**Exercise directions**. Among the entries that follow, how many lines contain the word "Mercedes"? Give the number alone.
----
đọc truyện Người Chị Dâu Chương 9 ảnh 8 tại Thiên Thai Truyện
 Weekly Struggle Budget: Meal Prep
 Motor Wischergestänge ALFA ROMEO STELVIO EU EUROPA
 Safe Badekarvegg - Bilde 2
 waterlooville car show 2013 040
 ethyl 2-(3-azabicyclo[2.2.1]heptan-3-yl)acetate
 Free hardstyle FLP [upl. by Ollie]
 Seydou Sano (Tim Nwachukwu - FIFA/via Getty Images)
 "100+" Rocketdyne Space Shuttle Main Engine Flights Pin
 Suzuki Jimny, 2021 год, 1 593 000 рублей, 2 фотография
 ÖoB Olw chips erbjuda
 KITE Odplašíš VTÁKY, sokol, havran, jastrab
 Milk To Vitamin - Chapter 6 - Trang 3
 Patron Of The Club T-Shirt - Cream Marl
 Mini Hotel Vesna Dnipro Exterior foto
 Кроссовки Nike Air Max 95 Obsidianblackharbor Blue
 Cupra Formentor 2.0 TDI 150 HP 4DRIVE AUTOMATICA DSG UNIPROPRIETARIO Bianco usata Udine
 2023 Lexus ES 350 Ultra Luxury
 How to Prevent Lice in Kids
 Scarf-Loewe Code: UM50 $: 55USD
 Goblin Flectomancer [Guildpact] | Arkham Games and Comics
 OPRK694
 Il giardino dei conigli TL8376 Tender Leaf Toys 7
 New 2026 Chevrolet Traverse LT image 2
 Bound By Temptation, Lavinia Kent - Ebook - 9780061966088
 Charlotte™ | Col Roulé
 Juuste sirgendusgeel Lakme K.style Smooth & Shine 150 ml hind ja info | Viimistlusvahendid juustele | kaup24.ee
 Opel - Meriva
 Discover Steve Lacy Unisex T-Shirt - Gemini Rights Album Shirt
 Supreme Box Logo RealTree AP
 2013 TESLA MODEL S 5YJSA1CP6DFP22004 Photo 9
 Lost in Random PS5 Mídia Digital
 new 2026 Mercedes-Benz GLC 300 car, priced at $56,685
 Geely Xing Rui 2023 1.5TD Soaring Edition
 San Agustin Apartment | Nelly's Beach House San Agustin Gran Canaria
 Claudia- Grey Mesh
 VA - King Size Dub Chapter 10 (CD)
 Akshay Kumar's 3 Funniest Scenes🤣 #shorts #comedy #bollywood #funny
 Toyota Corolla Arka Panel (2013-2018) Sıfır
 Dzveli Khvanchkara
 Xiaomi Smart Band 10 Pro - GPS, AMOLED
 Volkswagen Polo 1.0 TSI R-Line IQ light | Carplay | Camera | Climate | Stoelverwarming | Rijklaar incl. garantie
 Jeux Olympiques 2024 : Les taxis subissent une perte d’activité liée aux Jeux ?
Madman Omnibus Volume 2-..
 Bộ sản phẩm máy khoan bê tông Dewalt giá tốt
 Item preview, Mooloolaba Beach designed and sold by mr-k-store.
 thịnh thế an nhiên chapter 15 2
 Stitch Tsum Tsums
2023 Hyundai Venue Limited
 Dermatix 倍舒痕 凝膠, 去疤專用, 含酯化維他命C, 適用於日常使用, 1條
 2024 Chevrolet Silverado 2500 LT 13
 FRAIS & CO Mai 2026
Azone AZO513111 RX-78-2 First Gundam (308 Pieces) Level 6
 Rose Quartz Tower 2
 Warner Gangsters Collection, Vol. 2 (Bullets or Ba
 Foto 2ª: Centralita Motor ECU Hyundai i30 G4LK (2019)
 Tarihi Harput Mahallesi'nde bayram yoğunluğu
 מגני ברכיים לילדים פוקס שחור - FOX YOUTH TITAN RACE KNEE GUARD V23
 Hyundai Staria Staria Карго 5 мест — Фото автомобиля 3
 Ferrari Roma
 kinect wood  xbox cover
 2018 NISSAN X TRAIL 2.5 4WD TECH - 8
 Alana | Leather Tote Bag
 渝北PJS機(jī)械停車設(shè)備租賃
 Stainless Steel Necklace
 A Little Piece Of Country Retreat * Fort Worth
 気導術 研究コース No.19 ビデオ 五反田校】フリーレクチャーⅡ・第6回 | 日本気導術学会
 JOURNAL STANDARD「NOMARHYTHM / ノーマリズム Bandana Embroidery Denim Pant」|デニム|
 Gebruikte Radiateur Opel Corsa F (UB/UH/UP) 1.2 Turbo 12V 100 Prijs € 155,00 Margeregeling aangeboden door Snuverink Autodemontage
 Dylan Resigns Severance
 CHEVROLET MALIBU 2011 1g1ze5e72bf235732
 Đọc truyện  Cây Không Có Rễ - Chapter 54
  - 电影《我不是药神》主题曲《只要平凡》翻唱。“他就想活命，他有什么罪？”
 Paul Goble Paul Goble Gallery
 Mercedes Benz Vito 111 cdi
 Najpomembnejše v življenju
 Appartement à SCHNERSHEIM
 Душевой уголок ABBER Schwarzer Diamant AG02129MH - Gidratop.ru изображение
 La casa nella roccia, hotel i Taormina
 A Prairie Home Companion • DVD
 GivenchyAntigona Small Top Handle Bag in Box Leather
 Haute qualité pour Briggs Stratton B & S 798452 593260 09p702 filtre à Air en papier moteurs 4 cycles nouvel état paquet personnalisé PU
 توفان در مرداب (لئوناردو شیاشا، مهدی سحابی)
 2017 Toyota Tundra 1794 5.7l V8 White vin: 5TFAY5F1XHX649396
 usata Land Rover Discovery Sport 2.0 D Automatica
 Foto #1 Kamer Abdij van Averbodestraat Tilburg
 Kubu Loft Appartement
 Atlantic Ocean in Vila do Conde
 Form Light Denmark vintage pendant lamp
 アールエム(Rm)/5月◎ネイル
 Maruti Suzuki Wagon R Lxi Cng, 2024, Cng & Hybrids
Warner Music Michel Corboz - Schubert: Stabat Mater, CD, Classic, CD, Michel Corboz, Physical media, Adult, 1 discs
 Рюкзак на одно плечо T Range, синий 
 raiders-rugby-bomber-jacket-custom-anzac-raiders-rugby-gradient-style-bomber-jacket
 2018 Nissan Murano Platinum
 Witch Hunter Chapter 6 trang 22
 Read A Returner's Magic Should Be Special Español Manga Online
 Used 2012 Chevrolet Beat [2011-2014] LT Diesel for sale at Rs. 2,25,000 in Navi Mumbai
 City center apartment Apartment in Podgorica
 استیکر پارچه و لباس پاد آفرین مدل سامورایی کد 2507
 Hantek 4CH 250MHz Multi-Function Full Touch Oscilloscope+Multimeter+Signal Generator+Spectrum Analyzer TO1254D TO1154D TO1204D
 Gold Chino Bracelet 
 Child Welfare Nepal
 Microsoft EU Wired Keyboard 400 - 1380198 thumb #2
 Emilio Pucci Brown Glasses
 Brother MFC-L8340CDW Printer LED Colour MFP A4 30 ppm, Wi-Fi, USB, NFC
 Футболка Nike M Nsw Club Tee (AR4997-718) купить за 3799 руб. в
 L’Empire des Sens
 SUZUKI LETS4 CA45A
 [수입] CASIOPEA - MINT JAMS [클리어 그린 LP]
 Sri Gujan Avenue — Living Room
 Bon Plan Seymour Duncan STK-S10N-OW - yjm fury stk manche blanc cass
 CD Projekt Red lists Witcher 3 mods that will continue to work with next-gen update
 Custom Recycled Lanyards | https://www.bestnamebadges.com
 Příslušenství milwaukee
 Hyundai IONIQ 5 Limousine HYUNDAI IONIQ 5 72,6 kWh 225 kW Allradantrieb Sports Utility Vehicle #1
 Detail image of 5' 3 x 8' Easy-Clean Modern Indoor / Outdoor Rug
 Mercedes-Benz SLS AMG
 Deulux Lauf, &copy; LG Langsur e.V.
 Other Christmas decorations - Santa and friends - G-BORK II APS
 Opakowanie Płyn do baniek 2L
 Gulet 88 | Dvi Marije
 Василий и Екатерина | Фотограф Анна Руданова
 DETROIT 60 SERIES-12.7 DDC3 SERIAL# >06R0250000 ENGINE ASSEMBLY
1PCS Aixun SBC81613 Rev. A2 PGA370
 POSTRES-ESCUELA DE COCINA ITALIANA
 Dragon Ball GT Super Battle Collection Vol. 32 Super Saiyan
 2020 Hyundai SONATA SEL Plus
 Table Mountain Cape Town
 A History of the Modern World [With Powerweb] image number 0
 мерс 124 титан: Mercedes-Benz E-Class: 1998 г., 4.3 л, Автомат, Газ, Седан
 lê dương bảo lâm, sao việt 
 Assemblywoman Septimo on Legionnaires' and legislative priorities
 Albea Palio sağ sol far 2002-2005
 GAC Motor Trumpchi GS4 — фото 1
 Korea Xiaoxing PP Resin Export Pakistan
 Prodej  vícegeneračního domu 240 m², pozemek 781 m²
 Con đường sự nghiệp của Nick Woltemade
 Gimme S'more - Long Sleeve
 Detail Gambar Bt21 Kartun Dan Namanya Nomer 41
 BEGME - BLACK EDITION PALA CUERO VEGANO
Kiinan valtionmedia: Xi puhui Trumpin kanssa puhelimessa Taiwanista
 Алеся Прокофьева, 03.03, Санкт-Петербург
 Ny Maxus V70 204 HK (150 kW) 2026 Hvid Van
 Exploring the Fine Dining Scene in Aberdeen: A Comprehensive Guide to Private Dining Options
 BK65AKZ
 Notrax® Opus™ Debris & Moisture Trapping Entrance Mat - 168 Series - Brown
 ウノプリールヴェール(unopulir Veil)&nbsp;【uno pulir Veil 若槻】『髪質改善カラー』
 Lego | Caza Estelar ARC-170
----
**Output of the exercise**. 4